Figure 2. Cdc48 prevents degradation and stimulates nuclear accumulation of Cln3.

1. Cln3‐3HA levels in wild‐type and cdc48‐3 cells at the indicated times after transferring cells to the restrictive temperature (37°). Dpm1 is shown as loading control.
2. Cln3‐3HA levels at the indicated times after addition of β‐estradiol to induce the GAL1 promoter in GAL1p‐CDC48‐6FLAG cells expressing the Gal4‐hER‐VP16 (GEV) transactivator. The bottom panel shows Cdc48‐FLAG levels and a cross‐reacting band (*) that serves as loading control.
3. Cln3‐3HA stability in Cdc48‐deficient cells. After being transferred to the restrictive temperature (37°C) for 30 min, cycloheximide was added to wild‐type and cdc48‐3 cells, which were collected at the indicated times to determine Cln3‐3HA levels. Dpm1 is shown as a loading control.

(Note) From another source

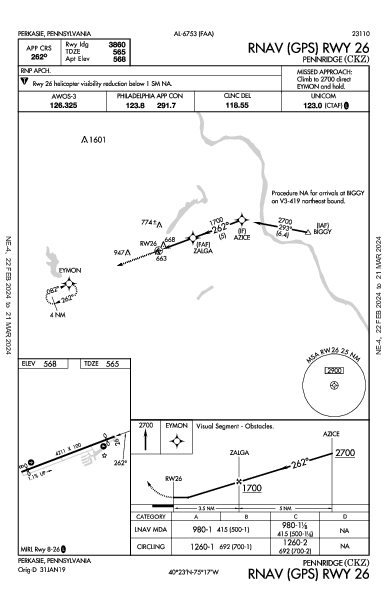 Pennridge Perkasie, PA (KCKZ): RNAV (GPS) RWY 26 (IAP)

4. Quantification of Cln3‐3HA levels in wild‐type (squares) and cdc48‐3 (circles) cells from immunoblot analysis as in (C). Mean values (N = 3) and confidence limits (α = 0.05) for the mean are shown.

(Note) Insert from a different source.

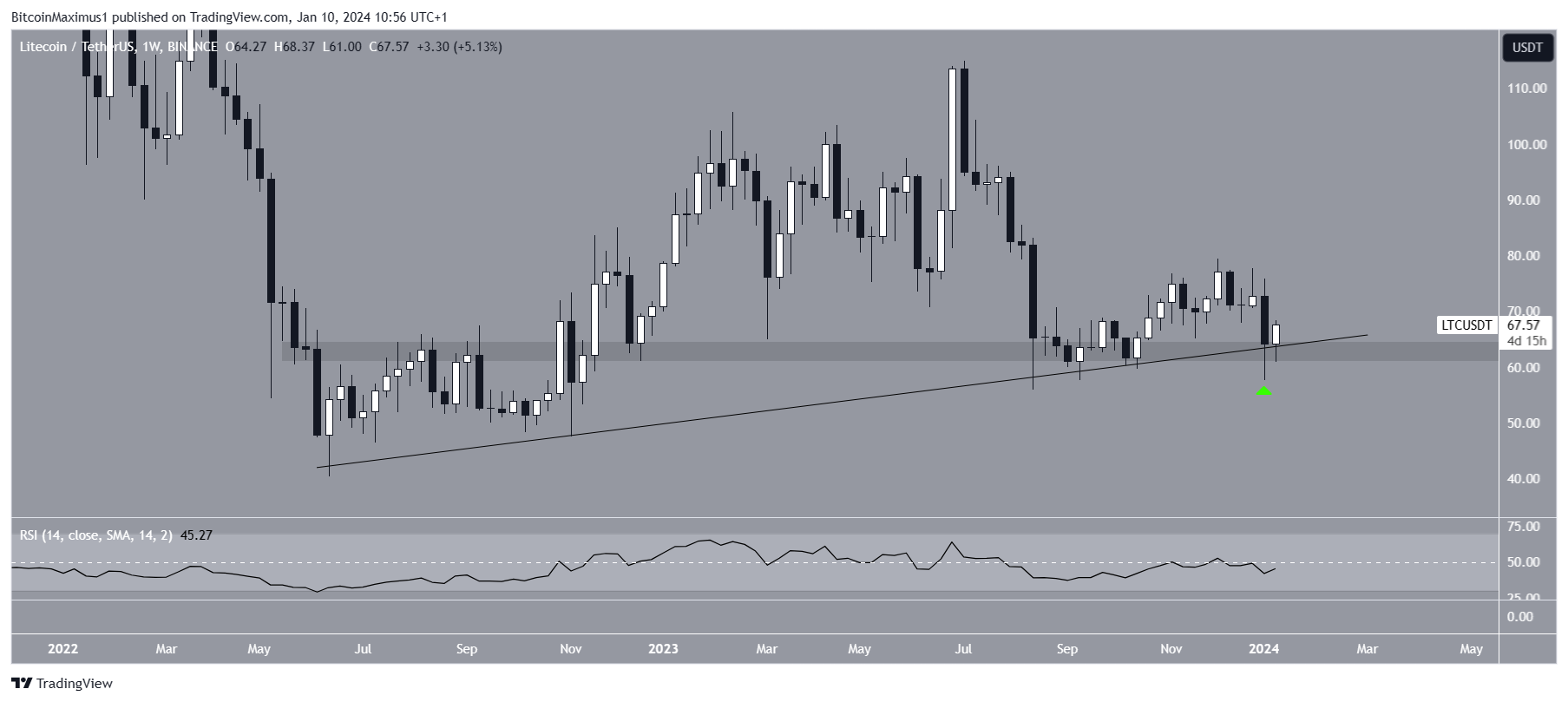 Litecoin (LTC) Price Movement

5. Nuclear accumulation of Cln3‐3HA in individual wild‐type or cdc48‐3 cells either cycling or arrested in late G1 with α factor as measured by semiautomated quantification of immunofluorescence levels in both nuclear and cytoplasmic compartments after 60 min at the restrictive temperature. Values were made relative to the average value obtained from wild‐type cells. Mean values (N = 200, thick horizontal lines), confidence limits (α = 0.05, thin lines) for the mean and P‐values obtained from t‐tests are also shown.
6. Nuclear accumulation of Cln3‐3HA at the indicated times after overexpressing Cdc48 as in (B). Immunofluorescence analysis and calculations of relative mean values (N = 200) and confidence limits (α = 0.05) for the mean are as in (E).

Source data are available online for this figure.